┏━━

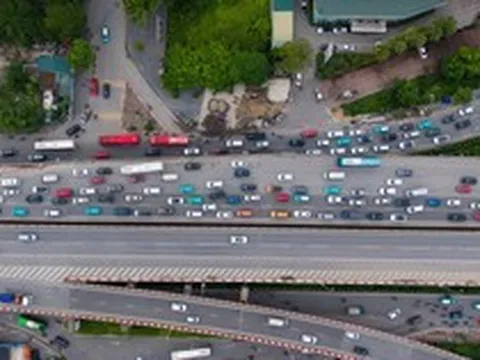 Dấu hiệu HẾT LỄ chính là cảnh trái ngược trên 2 làn đường cửa ngõ lúc này!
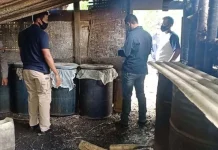 Polres Wakatobi Grebek Pabrik Arak di Wangiwangi Selatan Polres Wakatobi Grebek Pabrik Arak di Wangiwangi Selatan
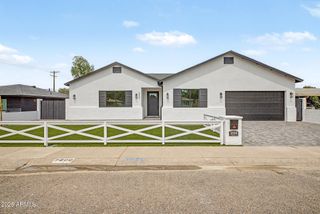 3229 E ROMA Avenue, Phoenix, AZ 85018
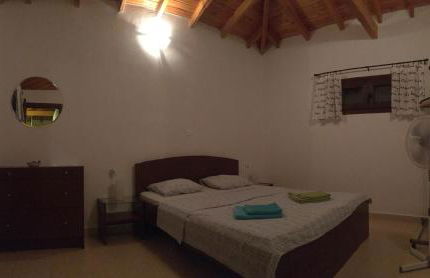 Stone house under a rock Kukos - Foto 6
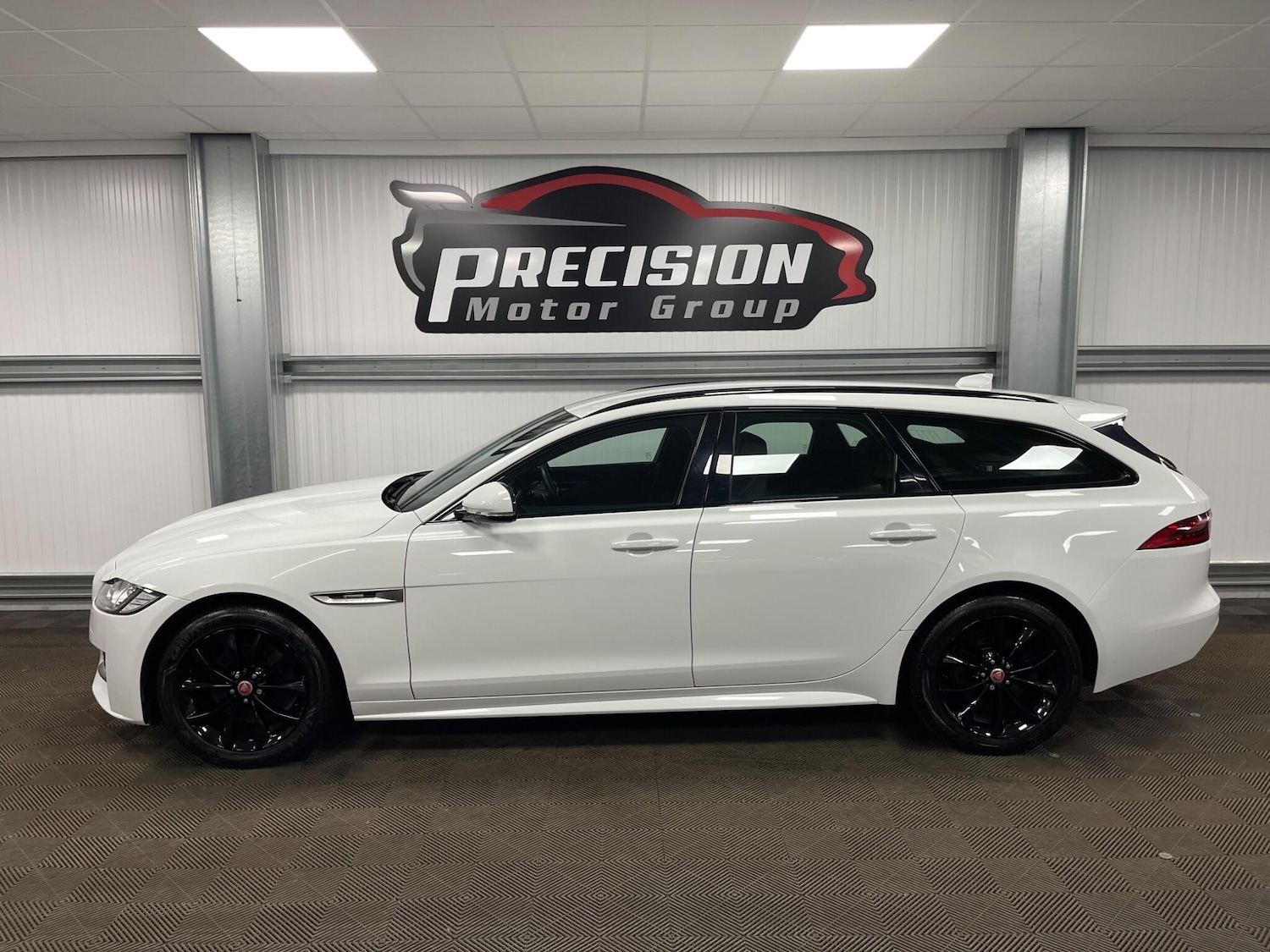Used Jaguar XF 2018 for sale - 78085714: Photo 15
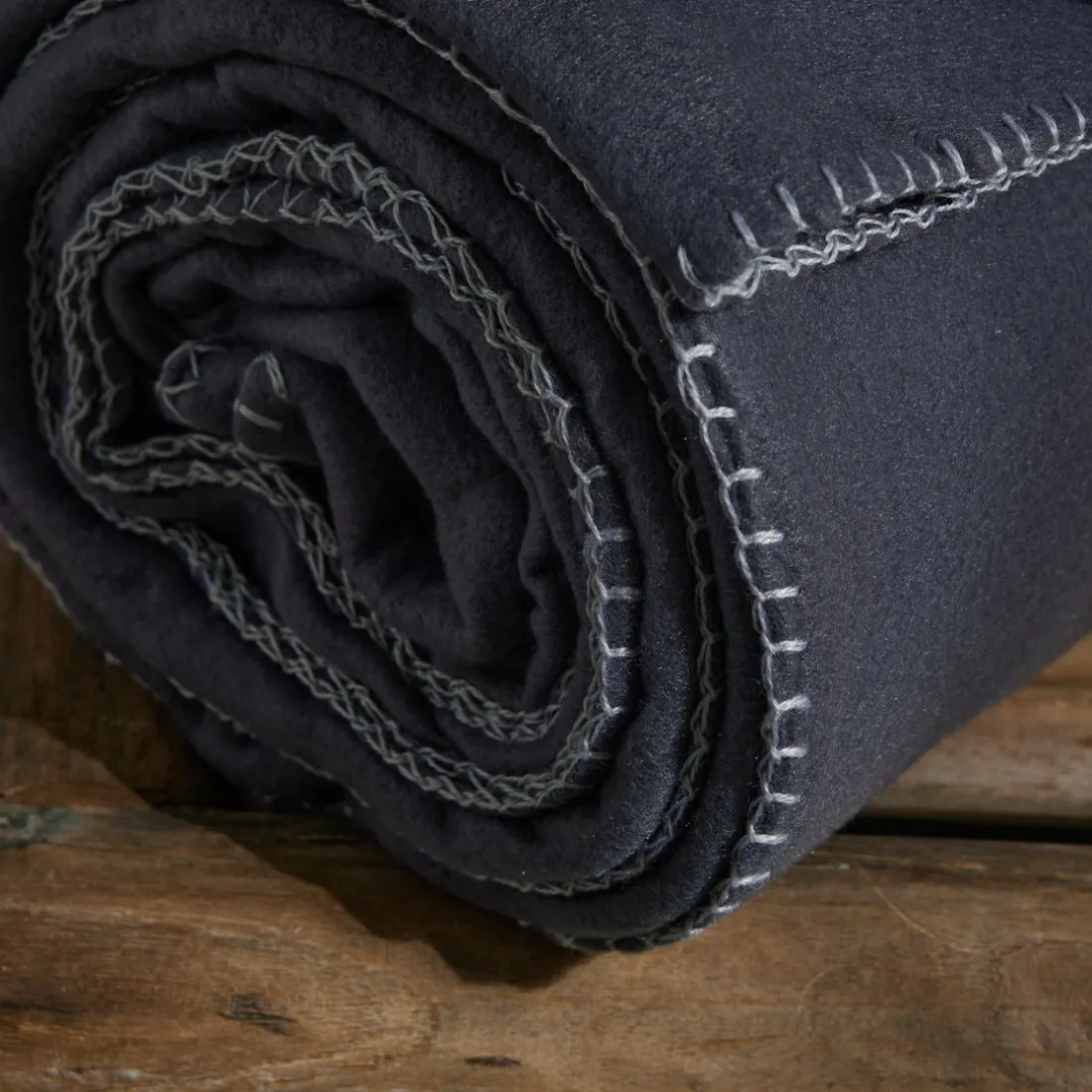 Plaid Polaire en Polyester 220 x 240 BIEN AU CHAUD Fusain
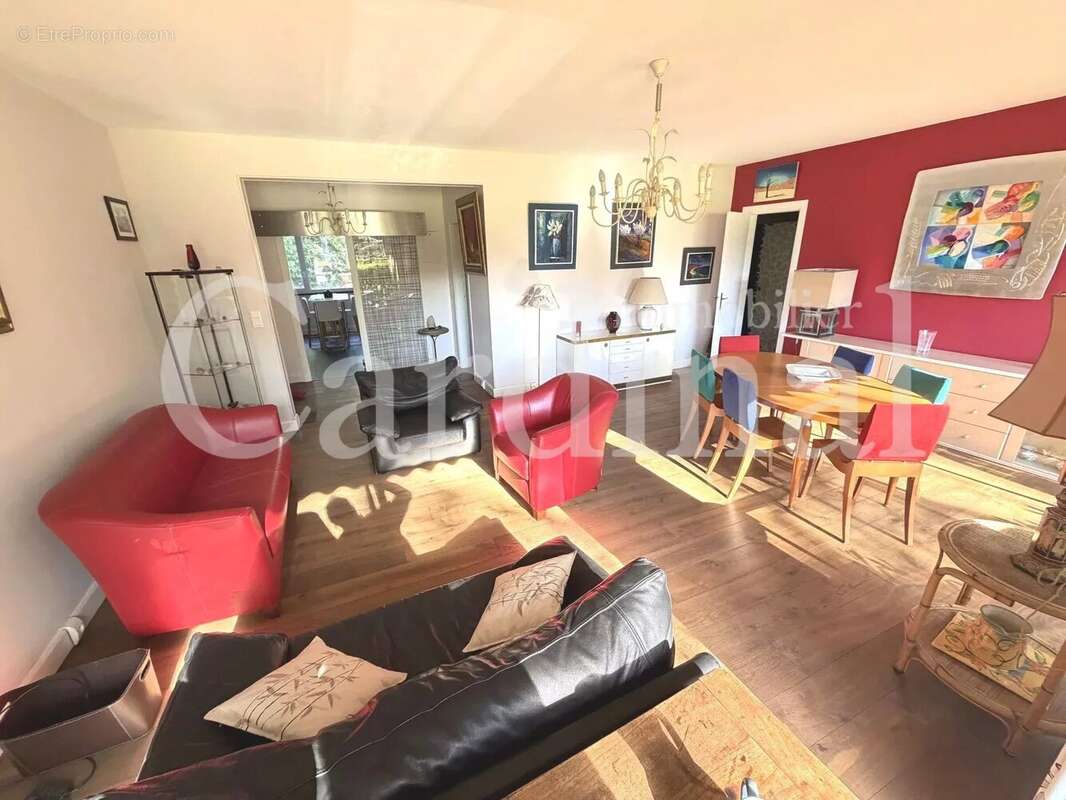 Appartement à NOISY-LE-ROI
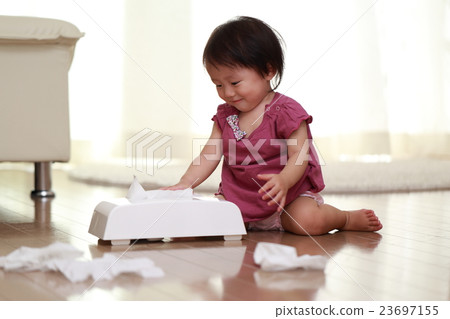 寶貝淘氣（嬰兒幼兒女孩1歲1歲紙巾垃圾鼻紙地板地板） 23697155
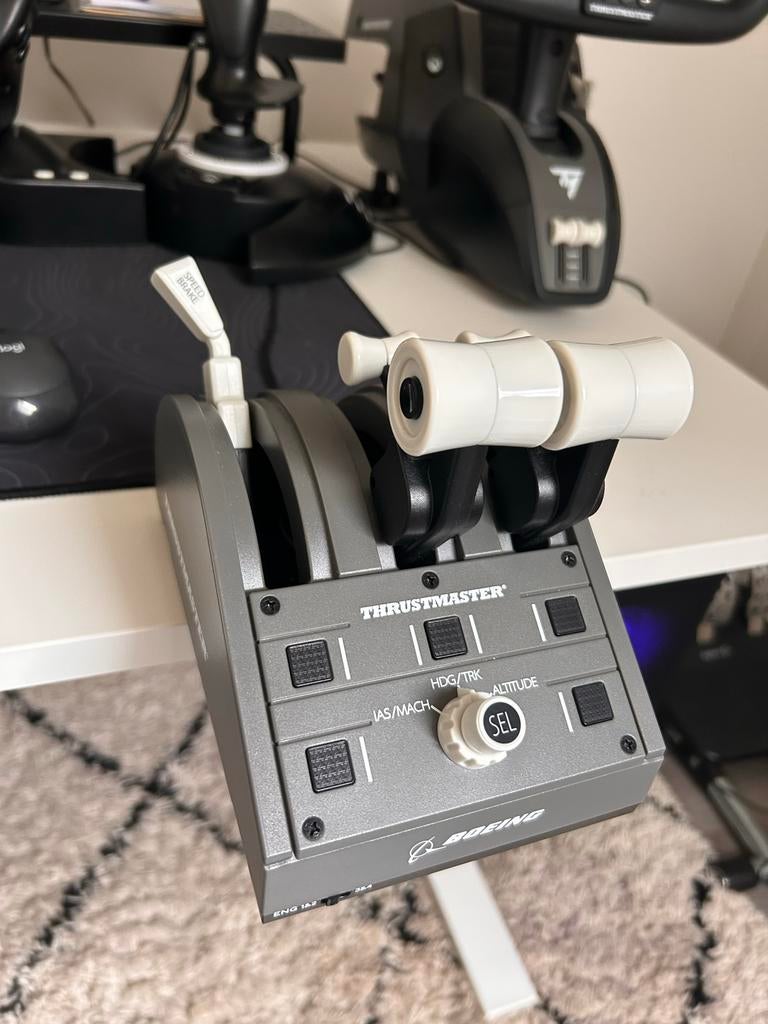 Thrustmaster Boeing Yoke & Throttle Quadrant, Computers en Software, Joysticks, Nieuw, Ophalen of Verzenden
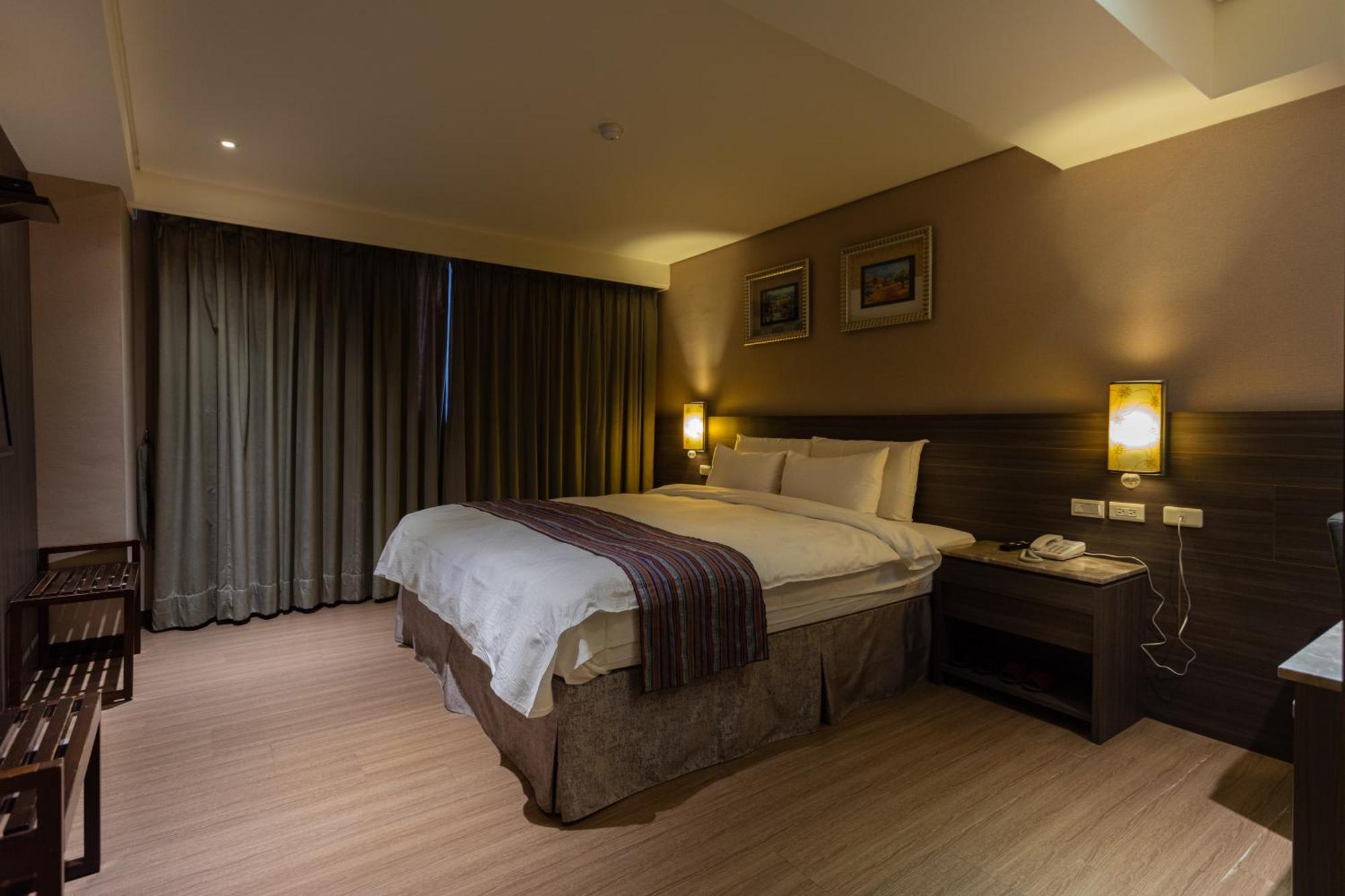Royal Guest Hotel Tainan Eksteriør bilde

┗━━

Give back the listing exactly, without a single picture.

 Dấu hiệu HẾT LỄ chính là cảnh trái ngược trên 2 làn đường cửa ngõ lúc này!
 Polres Wakatobi Grebek Pabrik Arak di Wangiwangi Selatan Polres Wakatobi Grebek Pabrik Arak di Wangiwangi Selatan
 3229 E ROMA Avenue, Phoenix, AZ 85018
 Stone house under a rock Kukos - Foto 6
Used Jaguar XF 2018 for sale - 78085714: Photo 15
 Plaid Polaire en Polyester 220 x 240 BIEN AU CHAUD Fusain
 Appartement à NOISY-LE-ROI
 寶貝淘氣（嬰兒幼兒女孩1歲1歲紙巾垃圾鼻紙地板地板） 23697155
 Thrustmaster Boeing Yoke & Throttle Quadrant, Computers en Software, Joysticks, Nieuw, Ophalen of Verzenden
Royal Guest Hotel Tainan Eksteriør bilde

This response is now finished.